Task ->
Could you please output all of the data exactly, without the images?

Stored entries:
________

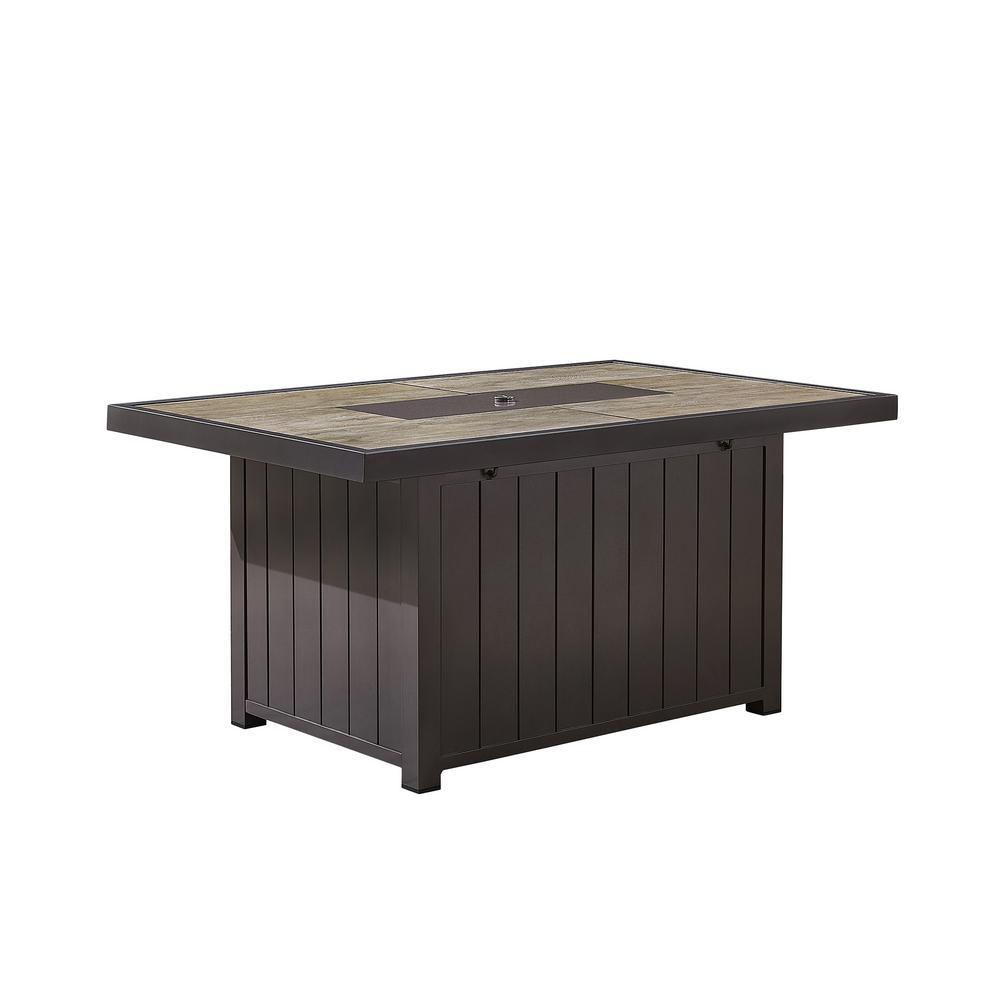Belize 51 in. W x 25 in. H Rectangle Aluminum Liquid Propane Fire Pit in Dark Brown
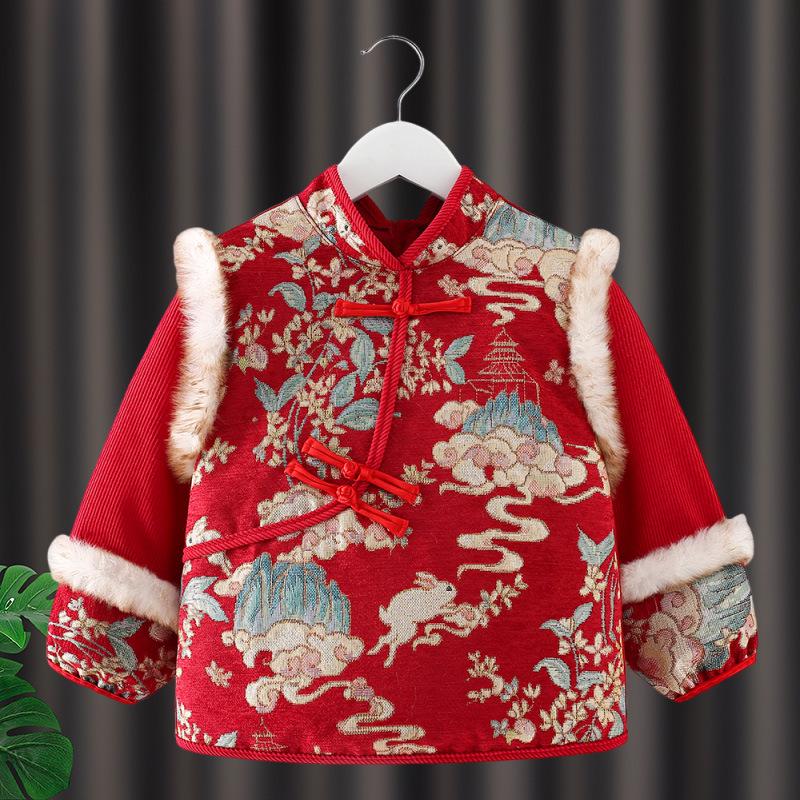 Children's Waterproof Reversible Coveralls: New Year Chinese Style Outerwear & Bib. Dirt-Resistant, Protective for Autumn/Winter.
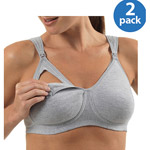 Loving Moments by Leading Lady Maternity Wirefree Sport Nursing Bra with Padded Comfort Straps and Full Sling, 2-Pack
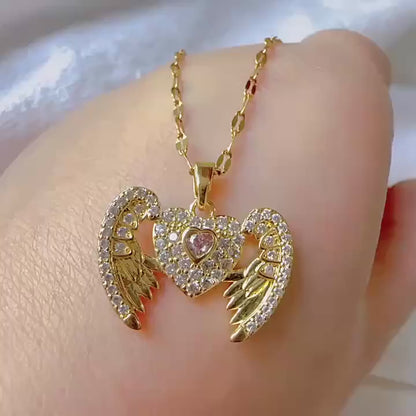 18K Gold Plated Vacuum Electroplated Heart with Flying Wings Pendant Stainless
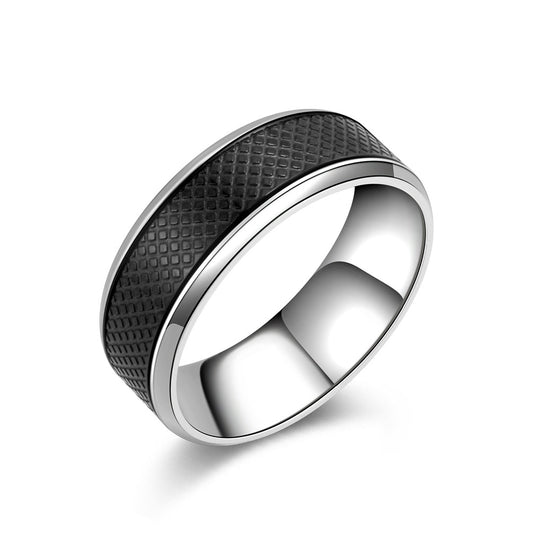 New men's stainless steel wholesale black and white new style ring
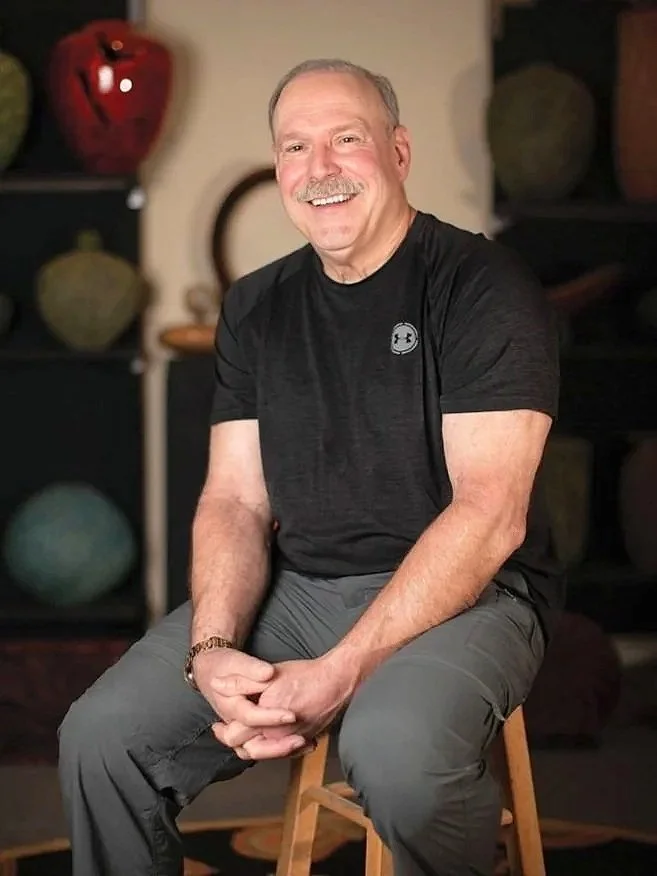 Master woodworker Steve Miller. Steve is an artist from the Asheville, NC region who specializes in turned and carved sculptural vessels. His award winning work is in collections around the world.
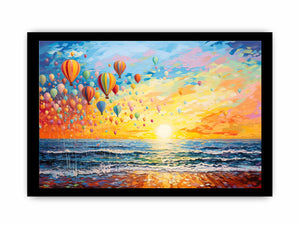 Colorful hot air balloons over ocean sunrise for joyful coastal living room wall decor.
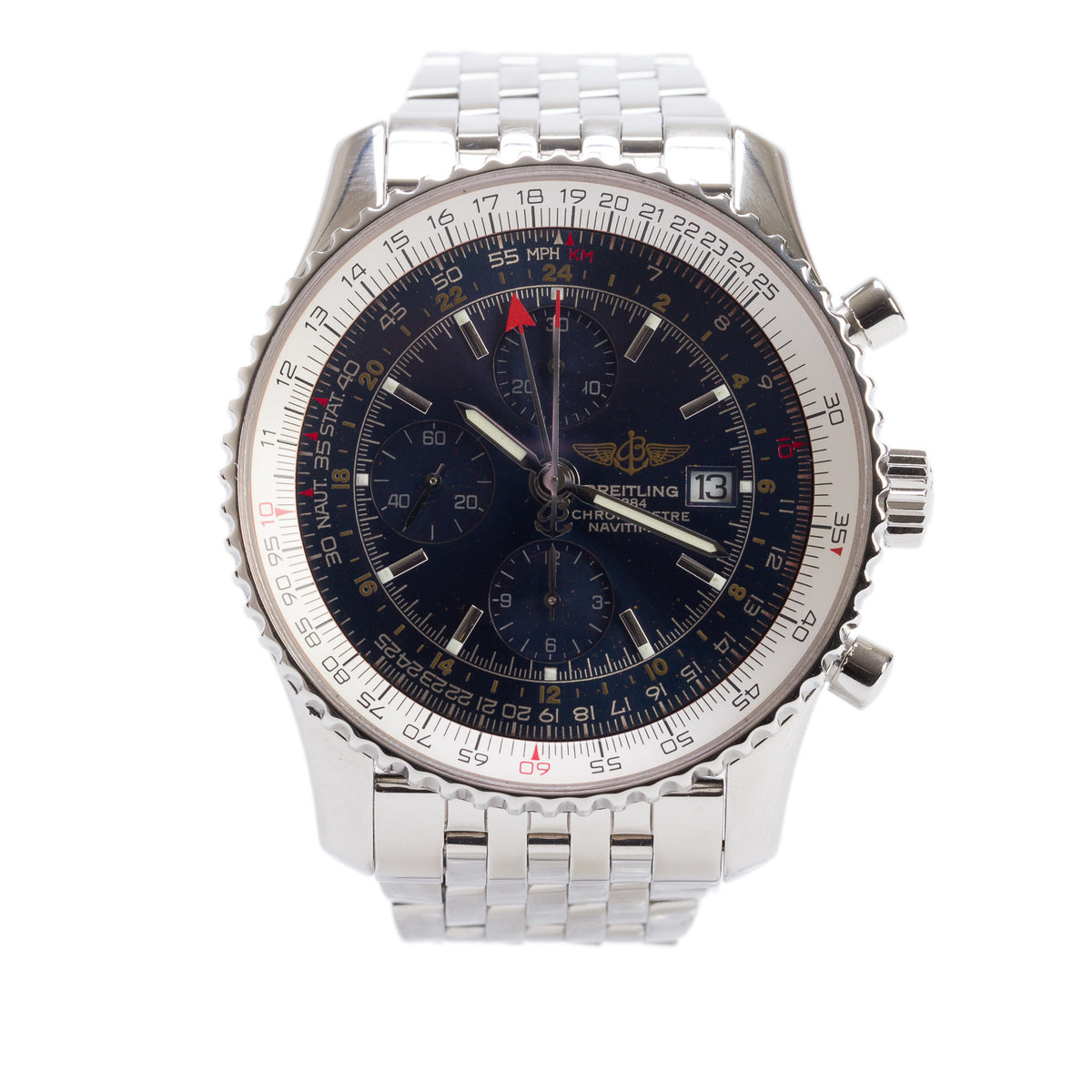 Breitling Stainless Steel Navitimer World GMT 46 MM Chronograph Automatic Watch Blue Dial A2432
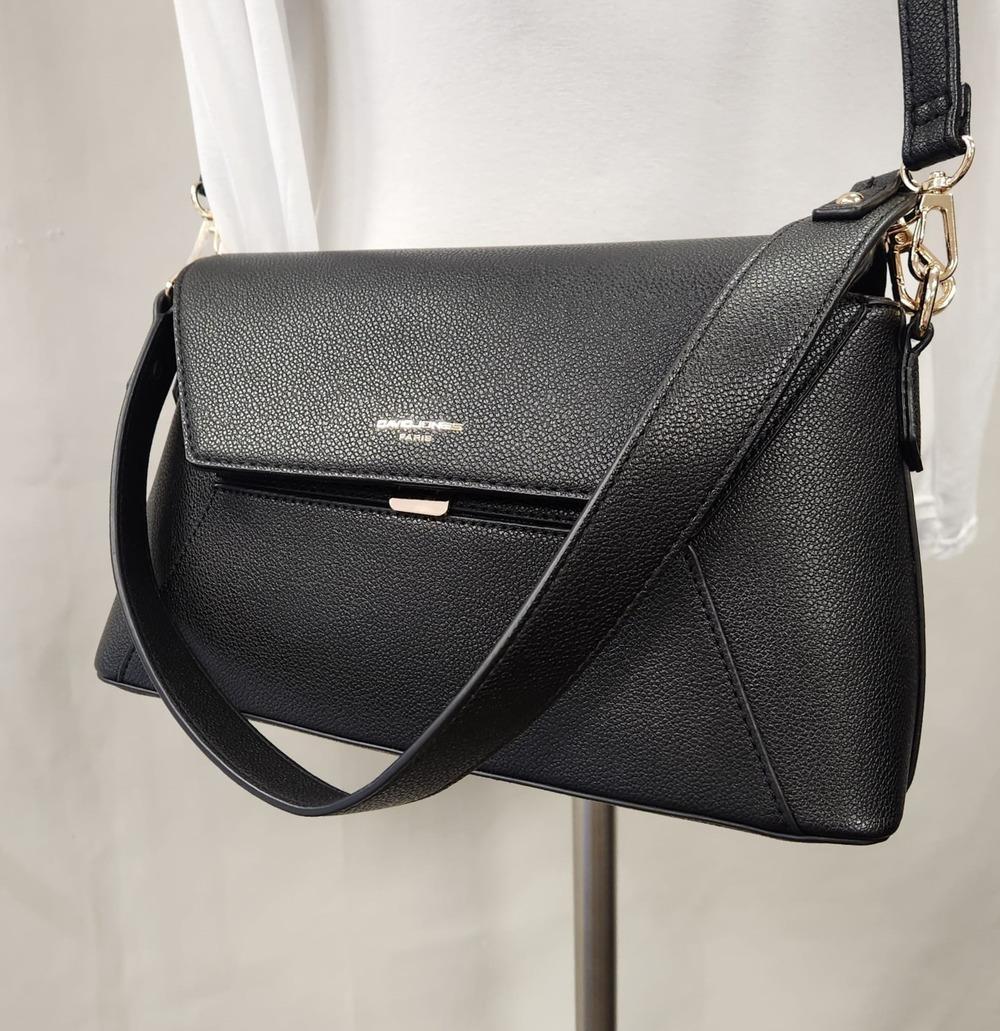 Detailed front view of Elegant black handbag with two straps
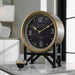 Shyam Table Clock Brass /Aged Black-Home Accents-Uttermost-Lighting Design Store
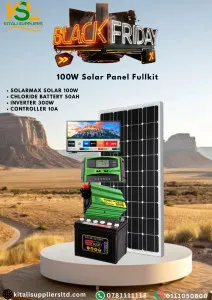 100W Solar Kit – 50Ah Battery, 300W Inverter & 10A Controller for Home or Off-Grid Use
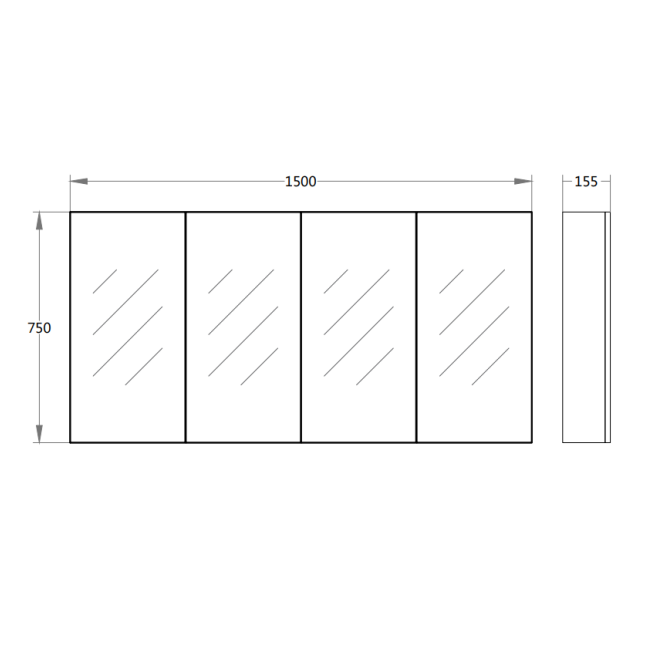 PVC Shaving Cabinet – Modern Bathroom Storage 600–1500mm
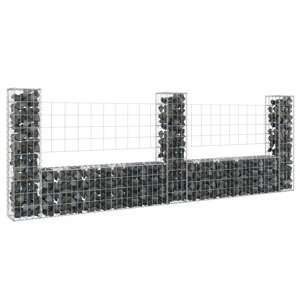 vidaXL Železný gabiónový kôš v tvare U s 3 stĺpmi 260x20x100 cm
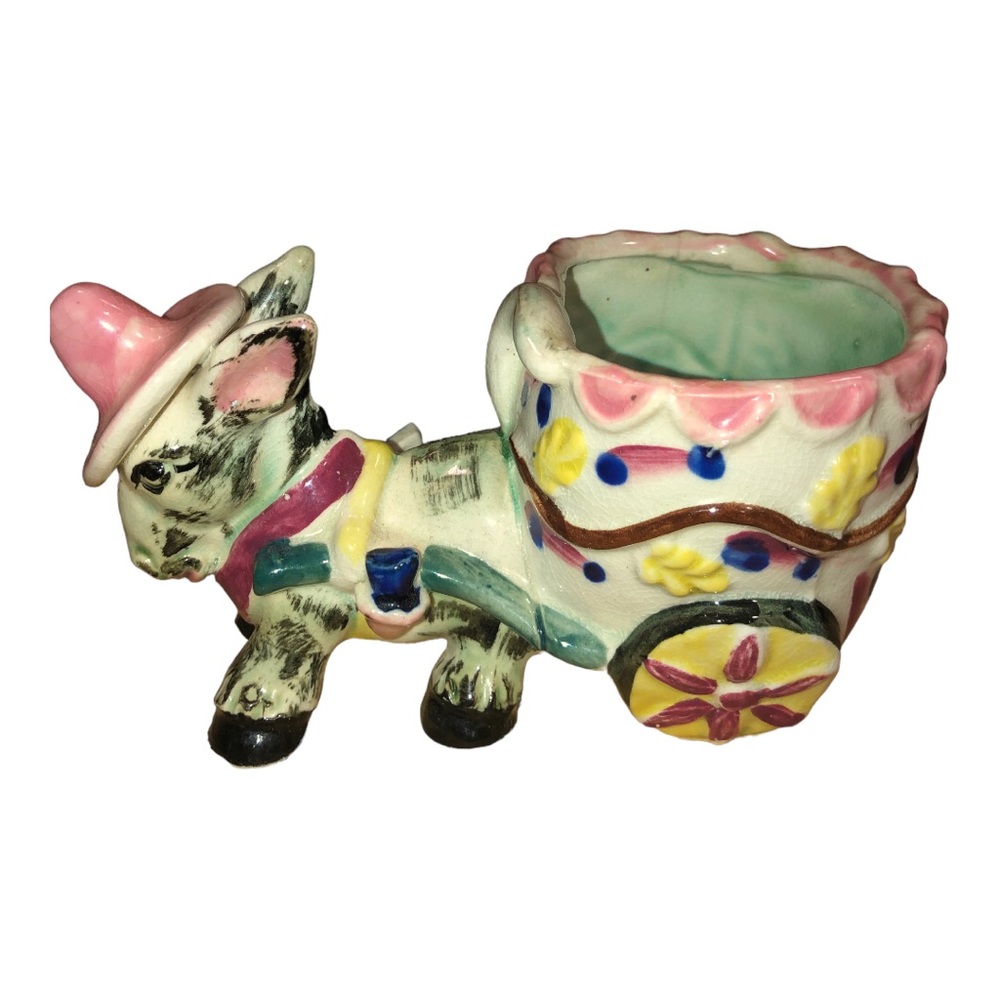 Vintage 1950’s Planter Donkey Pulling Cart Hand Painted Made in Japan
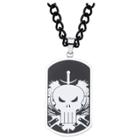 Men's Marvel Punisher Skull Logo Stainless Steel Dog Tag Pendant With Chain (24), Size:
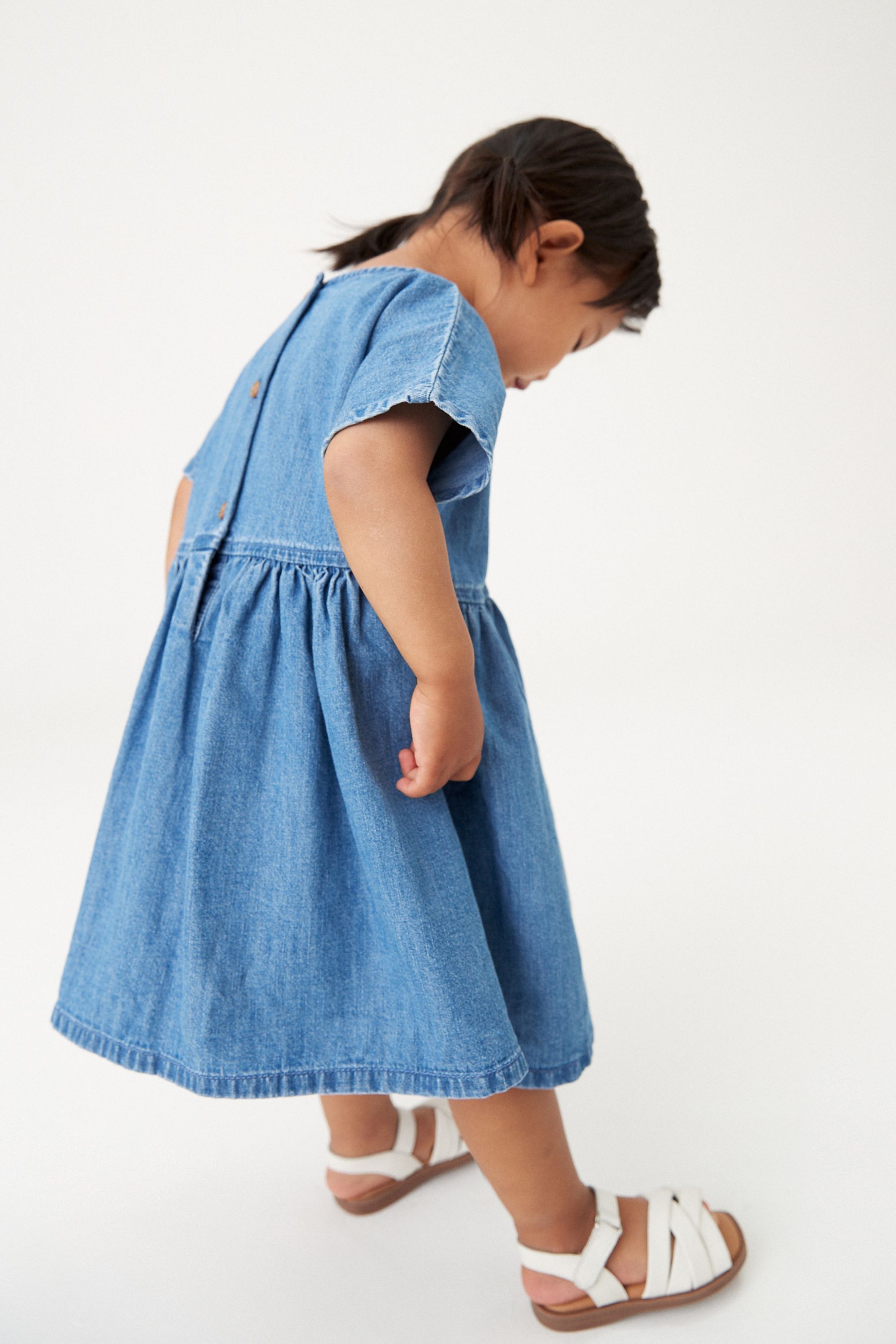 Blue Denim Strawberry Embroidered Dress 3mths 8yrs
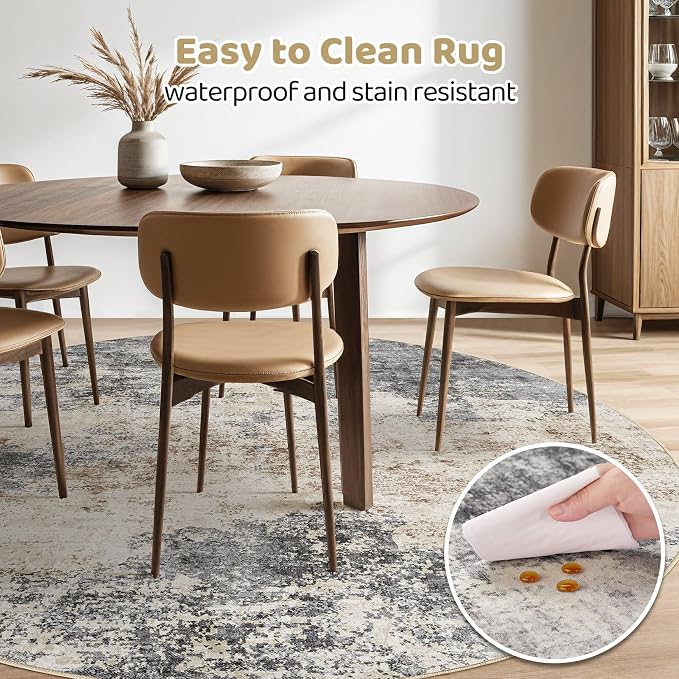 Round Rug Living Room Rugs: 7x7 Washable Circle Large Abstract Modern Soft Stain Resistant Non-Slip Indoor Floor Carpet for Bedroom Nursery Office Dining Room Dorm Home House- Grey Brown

________

Exercise response ->
Belize 51 in. W x 25 in. H Rectangle Aluminum Liquid Propane Fire Pit in Dark Brown
 Children's Waterproof Reversible Coveralls: New Year Chinese Style Outerwear & Bib. Dirt-Resistant, Protective for Autumn/Winter.
 Loving Moments by Leading Lady Maternity Wirefree Sport Nursing Bra with Padded Comfort Straps and Full Sling, 2-Pack
 18K Gold Plated Vacuum Electroplated Heart with Flying Wings Pendant Stainless
 New men's stainless steel wholesale black and white new style ring
 Master woodworker Steve Miller. Steve is an artist from the Asheville, NC region who specializes in turned and carved sculptural vessels. His award winning work is in collections around the world.
 Colorful hot air balloons over ocean sunrise for joyful coastal living room wall decor.
 Breitling Stainless Steel Navitimer World GMT 46 MM Chronograph Automatic Watch Blue Dial A2432
 Detailed front view of Elegant black handbag with two straps
 Shyam Table Clock Brass /Aged Black-Home Accents-Uttermost-Lighting Design Store
 100W Solar Kit – 50Ah Battery, 300W Inverter & 10A Controller for Home or Off-Grid Use
 PVC Shaving Cabinet – Modern Bathroom Storage 600–1500mm
 vidaXL Železný gabiónový kôš v tvare U s 3 stĺpmi 260x20x100 cm
 Vintage 1950’s Planter Donkey Pulling Cart Hand Painted Made in Japan
 Men's Marvel Punisher Skull Logo Stainless Steel Dog Tag Pendant With Chain (24), Size:
 Blue Denim Strawberry Embroidered Dress 3mths 8yrs
 Round Rug Living Room Rugs: 7x7 Washable Circle Large Abstract Modern Soft Stain Resistant Non-Slip Indoor Floor Carpet for Bedroom Nursery Office Dining Room Dorm Home House- Grey Brown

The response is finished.